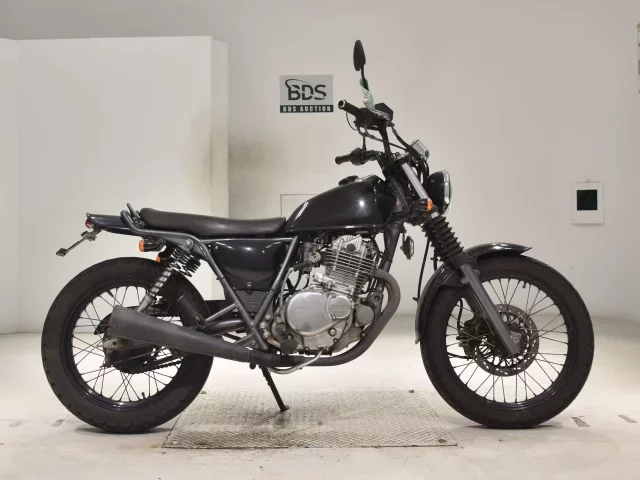 Suzuki GLASS TRACKER BIG BOY лот № 7977 оценка 4  с аукциона в Японии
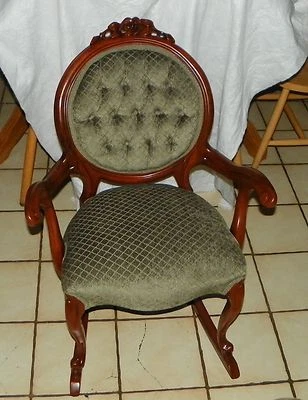 Balancín/mecedora tallada en caoba maciza de Victorian (R86) Foto 1 de 4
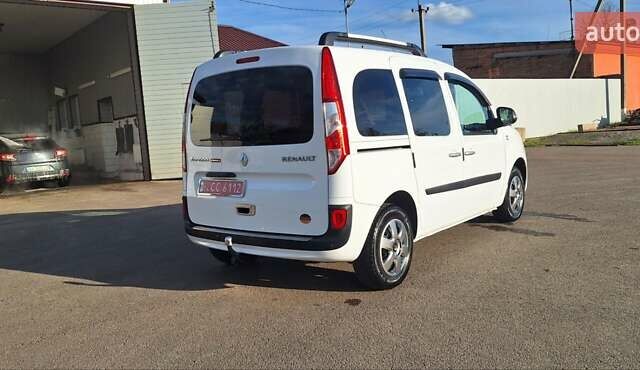 Рено Кенгу 2014 в Новоархангельске на Automoto.ua Белый Рено Кенгу, объемом двигателя 1.5 л и пробегом 64 тыс. км за 12500 $, фото 125 на Automoto.ua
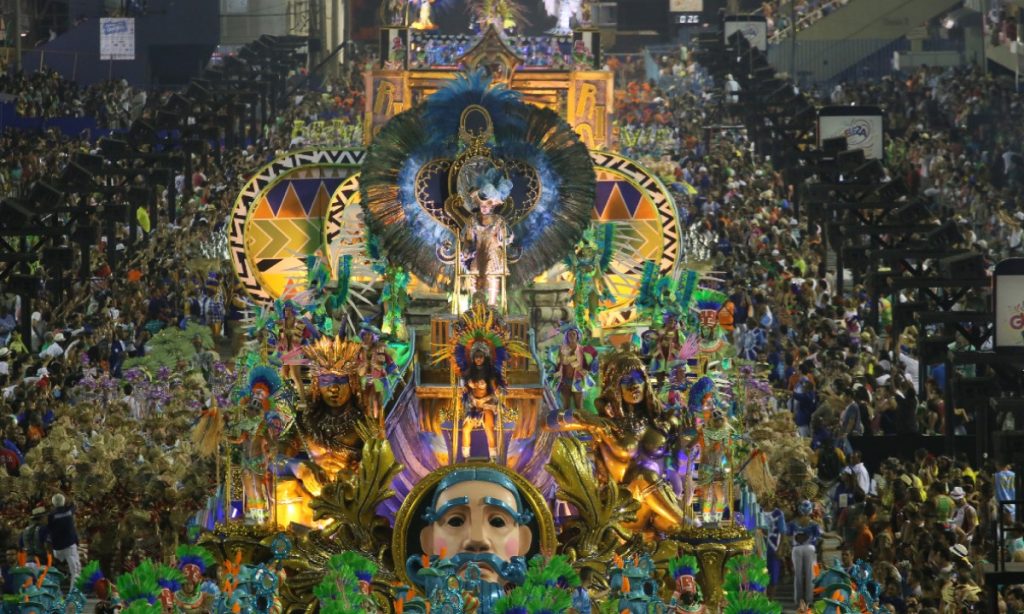 Sapucaí: Rio leva questões de gênero, políticas e religiosas para a avenida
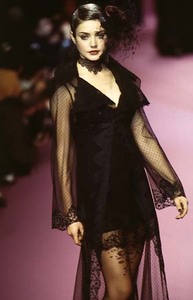 59543d2e90699_LolitaLempickaFallWinter19971998ParisFashionWeek4.thumb.jpg.37edad431285101c74e8f6308fb8ec84.jpg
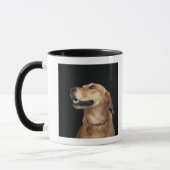 Beagle Golden Lab Mix kijkt naar de zijkant Mok (Links)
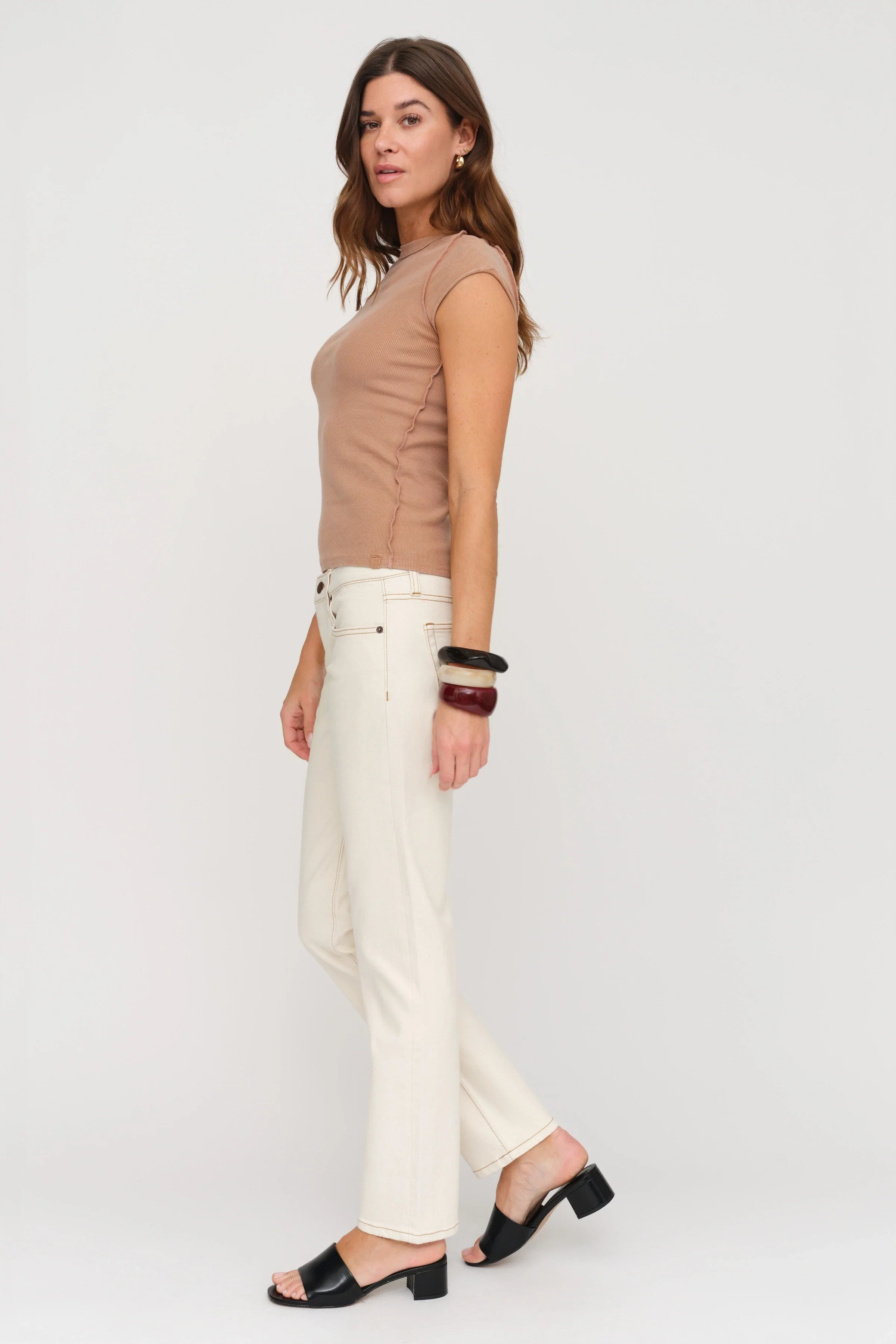 Chester Low Rise Slim Straight Ecru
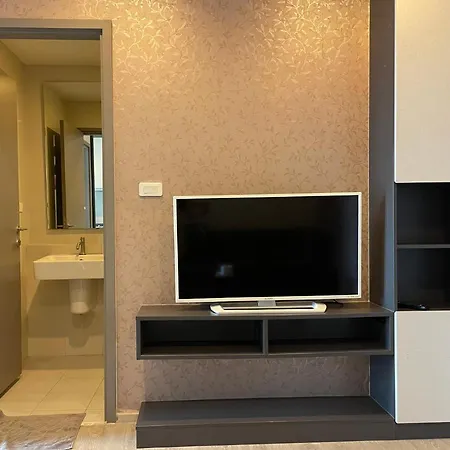Aparthotel The Base Central ถูกและดี *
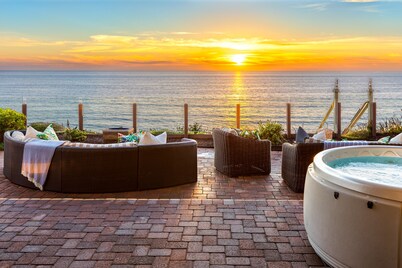 Alquiler frente al mar con 7br, 5ba, spa privado, patio, infinitas vistas al mar AC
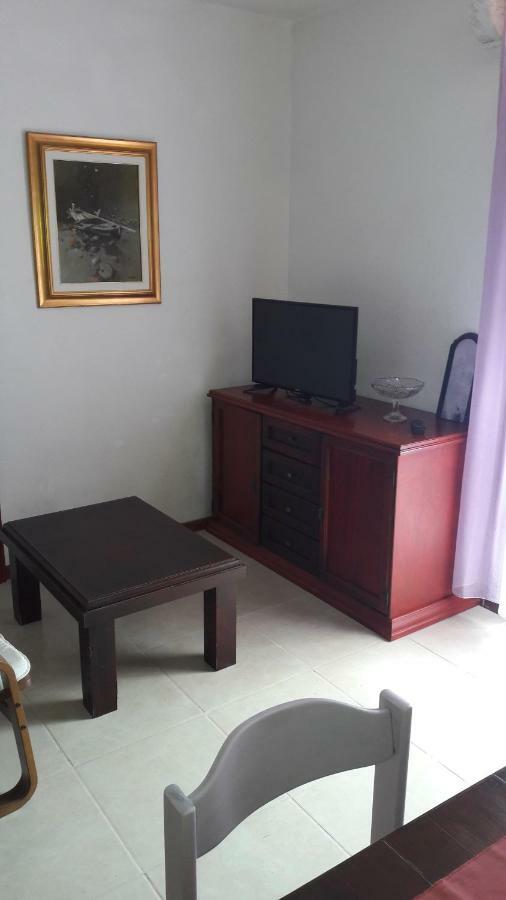 Apartments Picasso Komiža Extérieur photo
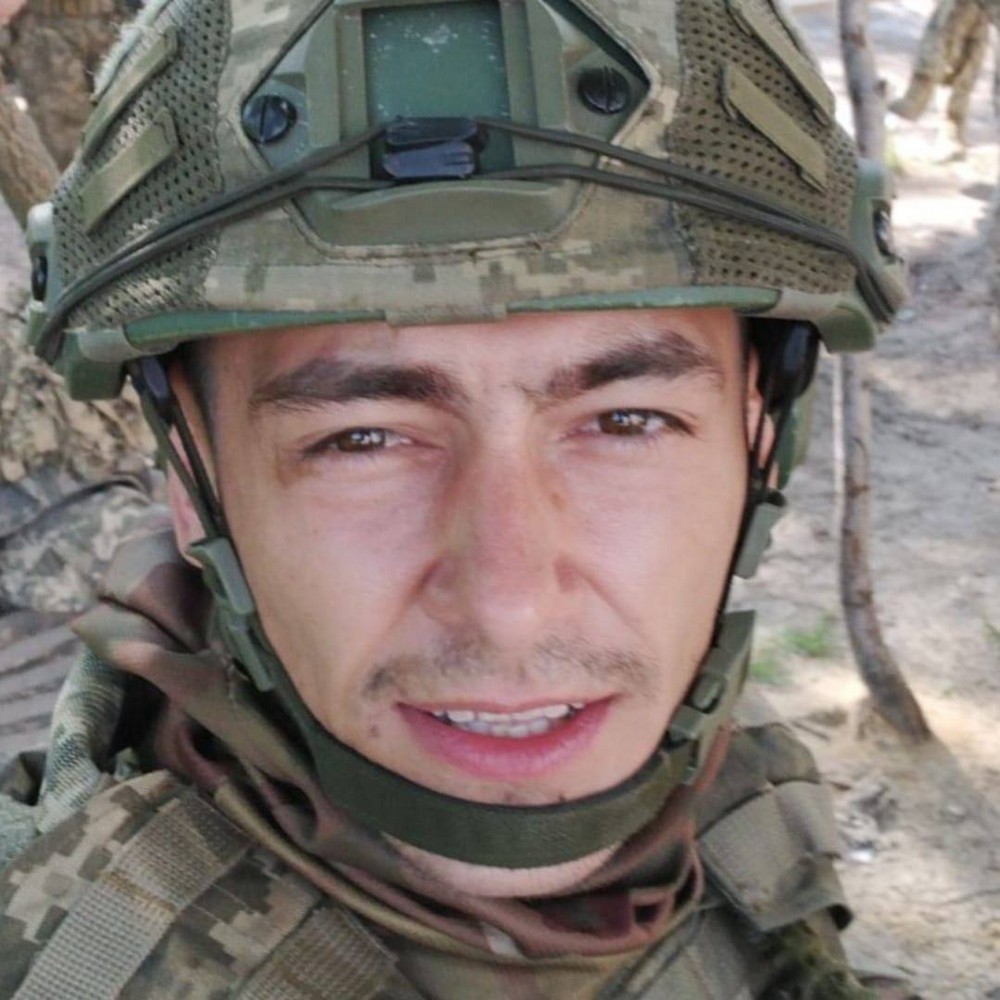 Нікополь втратив ще одного Захисника на фронті. Майже рік він вважався зниклим безвісти, і у рідних була надія. Але, на жаль…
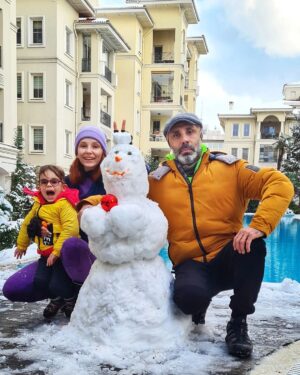 Umut Oğuz Instagram - Haksızlığın cinsiyeti yok biliyorum ama bugün, kadınlarımıza karşı yapılan haksızlıkların gırla gittiği bir dönemde, kardan adam yerine kardan kadın yaptık 🥰🙏🏼
Evet protest bir aileyiz👊🏽😎 
Harika bir hafta olsun inşallah 🧿🙏🏼

#turuncumutlu
#dorabeybüyüyor
#snow
#snowman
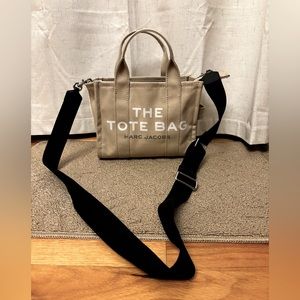 The Totebag Marc Jacobs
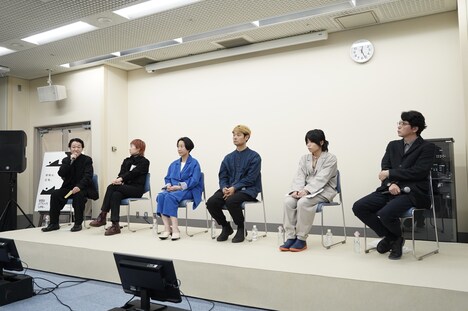 世田谷パブリックシアター2024年度ラインナップ発表会の様子。左から白井晃、橋本ロマンス、野上絹代、ノゾエ征爾、國吉咲貴、桐山知也。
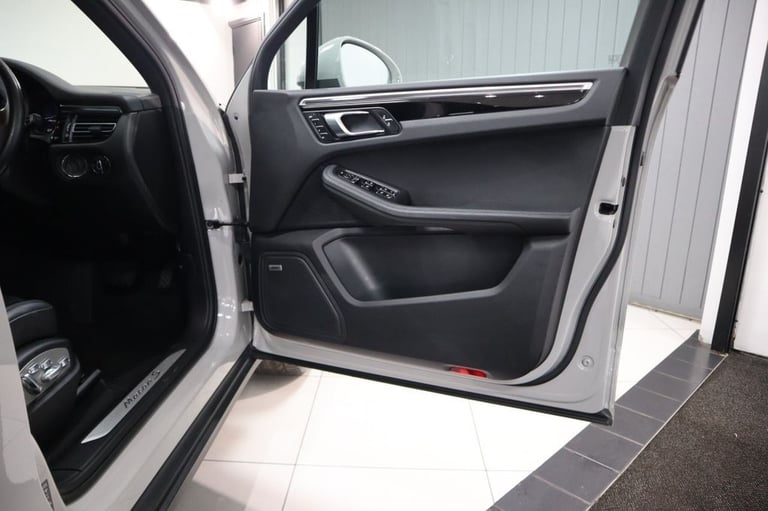 2019 D PORSCHE MACAN 3.0T V6 S SUV 5DR PETROL PDK 4WD EURO 6 (S/S) (354 PS)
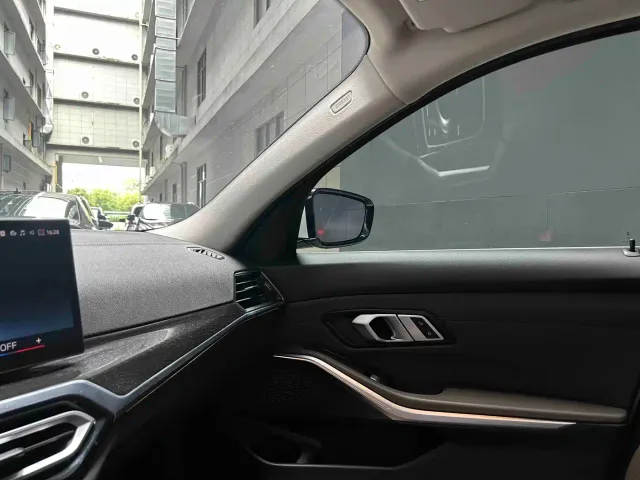 BMW 3 Series — Фото автомобиля 10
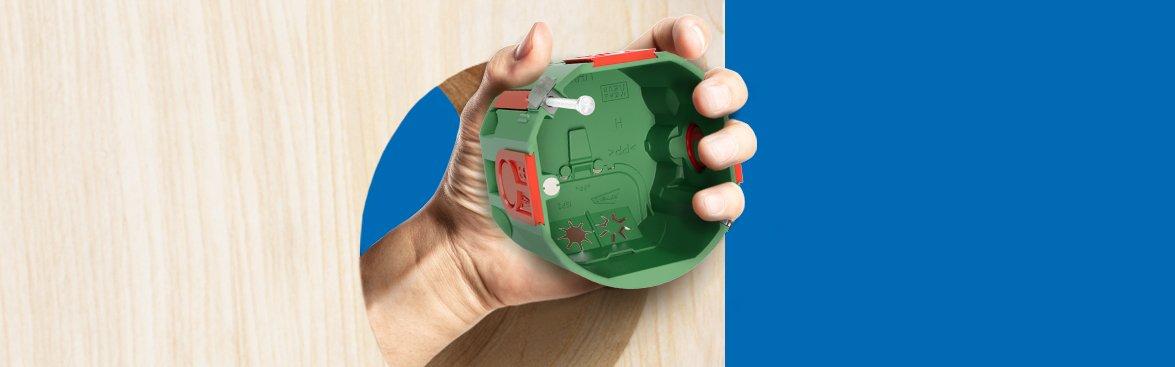 De CLT-inbouwdozen voor massieve wanden van Attema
# # # #
WHAT YOU SHOULD DO:
Starting at the line above that contains "Рено Кенгу 2014", transcribe every line exactly through the line that contains "Sapucaí: Rio leva", including that last one, and skip the pictures.

TASK RESPONSE:
 Рено Кенгу 2014 в Новоархангельске на Automoto.ua Белый Рено Кенгу, объемом двигателя 1.5 л и пробегом 64 тыс. км за 12500 $, фото 125 на Automoto.ua
 Sapucaí: Rio leva questões de gênero, políticas e religiosas para a avenida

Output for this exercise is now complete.